Every country has its national spirit. Some are better known: the Caribbean has rum, England has gin, and Poland and Russia have vodka; others are lesser known: Unicum in Hungary and soju in Korea. China’s is baijiu.
The world’s bestselling spirit, with more than seven billion bottles sold in 2013 (but almost all consumed in China), baijiu has been produced for more than 1,000 years. Recently it has become more widely available in the west (partly due to new rules on corporate gifting causing a sales slump in the domestic market), with Diageo purchasing Shui Jing Fang in 2013. It is made by distilling grains, the most common of which are sorghum, glutinous rice, wheat and barley.

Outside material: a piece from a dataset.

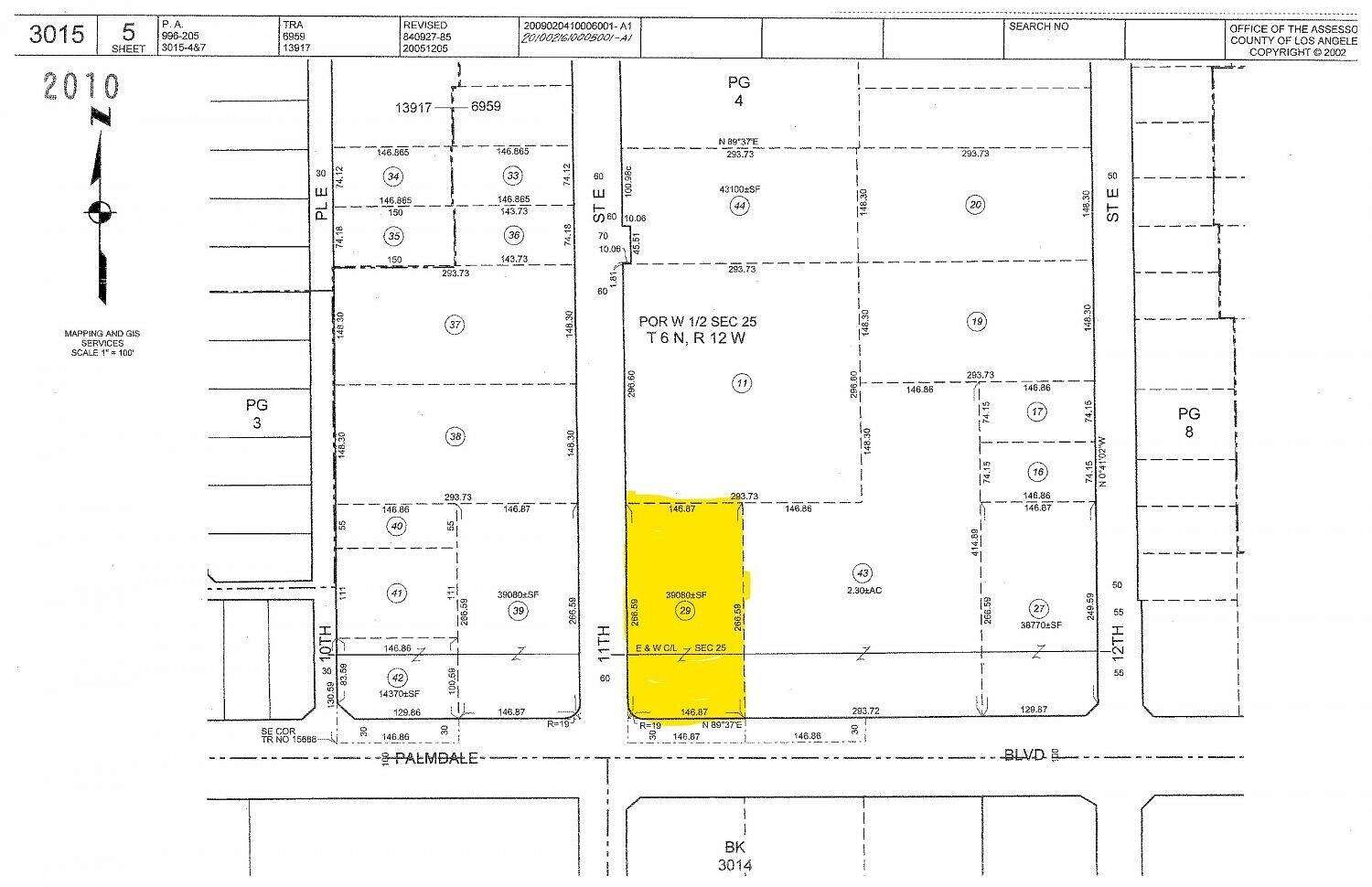 0.89 Acres of Commercial Land for Sale in Palmdale, California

Traditionally drunk at either room temperature or slightly warmed, with food from shot glasses, it is similar in strength and texture to vodka, but with a different taste.

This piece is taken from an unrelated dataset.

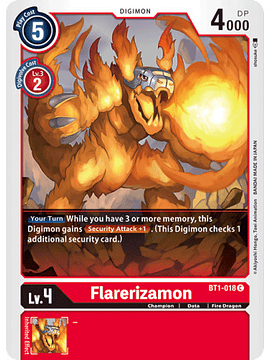 BT1-018 C Flarerizamon Digimon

The latest arrival on the UK market is HKB. It is a ‘sipping strong aroma’ baijiu, the most common category, indicating a spicy and fruity style, and that the grains have been fermented in earth pits, which help give the unique taste and aroma. Made using five grains (sorghum, rice, sticky rice, corn and wheat). These are combined with water and qu (mashed grains stored in a warm, damp room for one month to collect yeast), aiding the resulting fermentation in large underground mud pits. The resulting wash is then distilled and sent to a grappa producer in north-west Italy for another distillation and ageing. A genuine collaboration between the eastern and western worlds. Here are my thoughts:
Nose: Not what I was expecting – overtly fruity with notes of Fruit Salad sweets, red pear drops, sweet cherry, Chinese allspice and a faint hint of grass.

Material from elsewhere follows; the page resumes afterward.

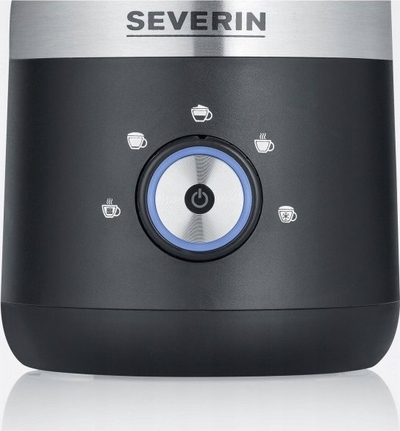 Mikser qumështi Severin SM 3588, 550W, inoks i furçuar, i zi mat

Palate: Unlike anything I’ve tasted before. There’s a sherbet-like tingle on the tongue along with the Fruit Salad note from the nose. Sweet cinnamon spice appears on the mid-palate.
Finish: Medium length, with a silky texture and lingering cinnamon at the end.
Comment: A refined baijiu, there is no overpowering sense of alcohol after you’ve swallowed and the fruit and spice are very well integrated. I substituted HKB for the vodka in a Bloody Mary and the sweetness balanced the umami of tomato juice and the spice of the Tabasco sauce.
Baijiu availability and consumption is growing in Europe and America, but will it become the next big thing? I’m not sure. It has a unique flavour profile which even the producer themselves admit may be ‘unpleasant to westerners’, but I think with time (and education), sales will continue to grow. The main problem, as with anything new to the market, is knowing what to do with it. I see this more as an accompaniment to food (its native Chinese cuisine) or as a cocktail ingredient, rather than as a stand-alone sipper. HKB is an accessible baijiu – it’s rare to find one for under £100 – so at less than half that, this is a great introduction to a spirit that’s long been a closely guarded Chinese secret.